Try it
This exercise calls for retyping every line below exactly, with the images omitted.

Input data
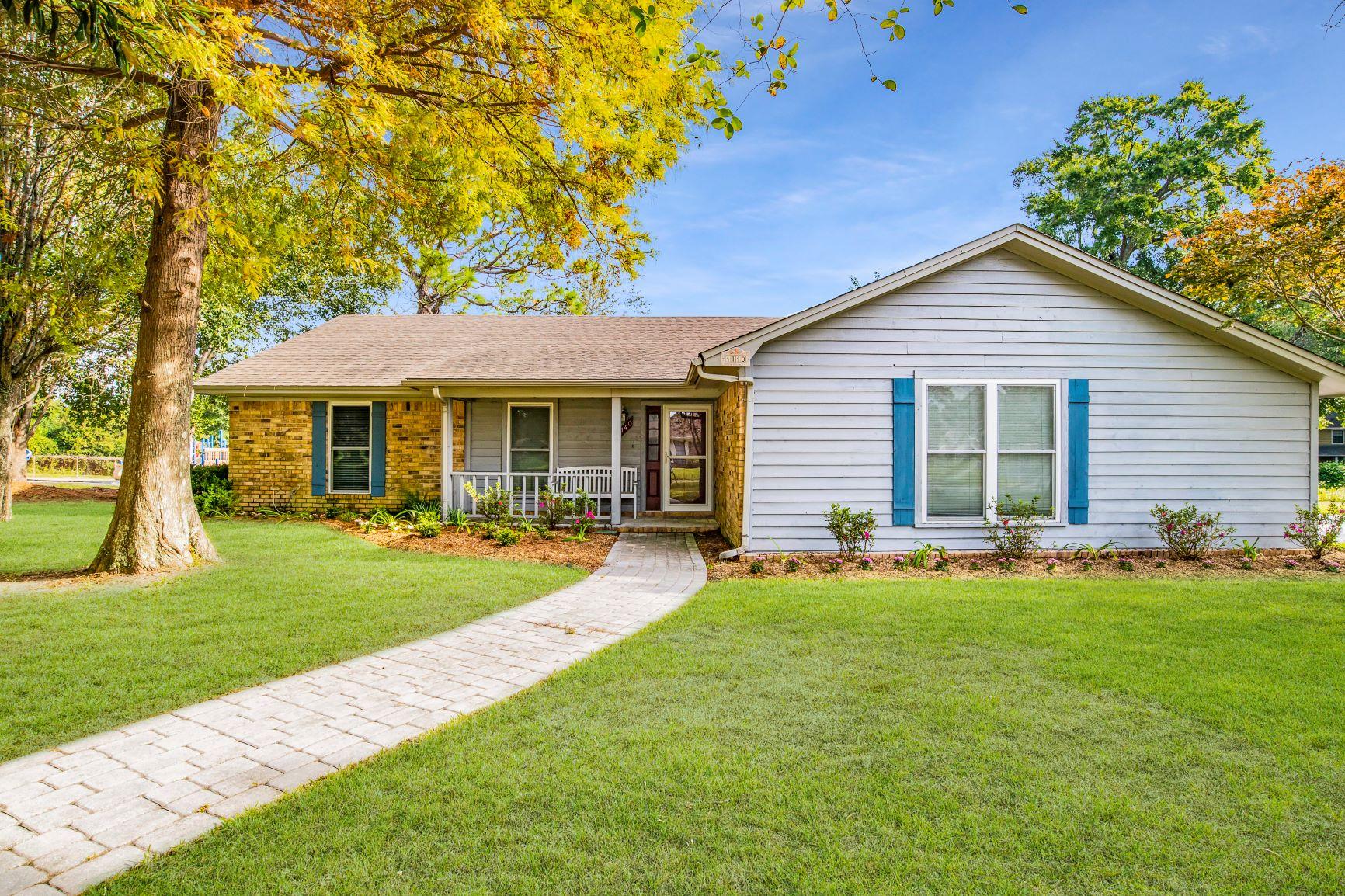 BAY CLIFF ESTATES - Residential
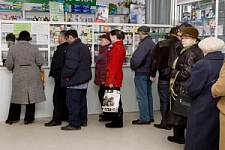 Большинство россиян покупают лекарства каждый месяц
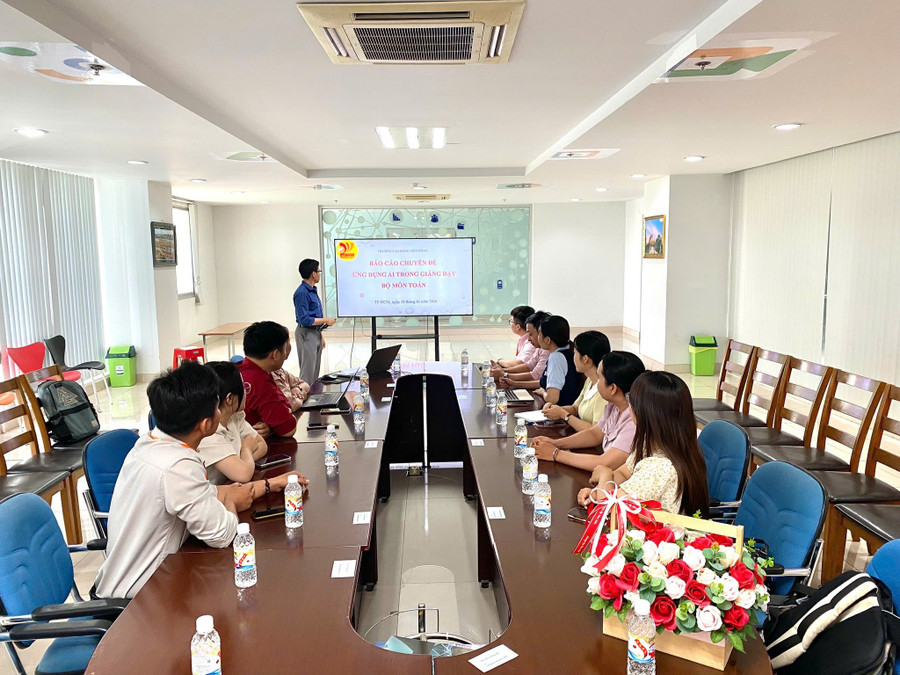 Ứng dụng trí tuệ nhân tạo vào giảng dạy môn Toán 1 Trường Cao đẳng Viễn Đông ứng dụng AI vào giảng dạy môn Toán.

Solution to this exercise
 BAY CLIFF ESTATES - Residential
 Большинство россиян покупают лекарства каждый месяц
 Ứng dụng trí tuệ nhân tạo vào giảng dạy môn Toán 1 Trường Cao đẳng Viễn Đông ứng dụng AI vào giảng dạy môn Toán.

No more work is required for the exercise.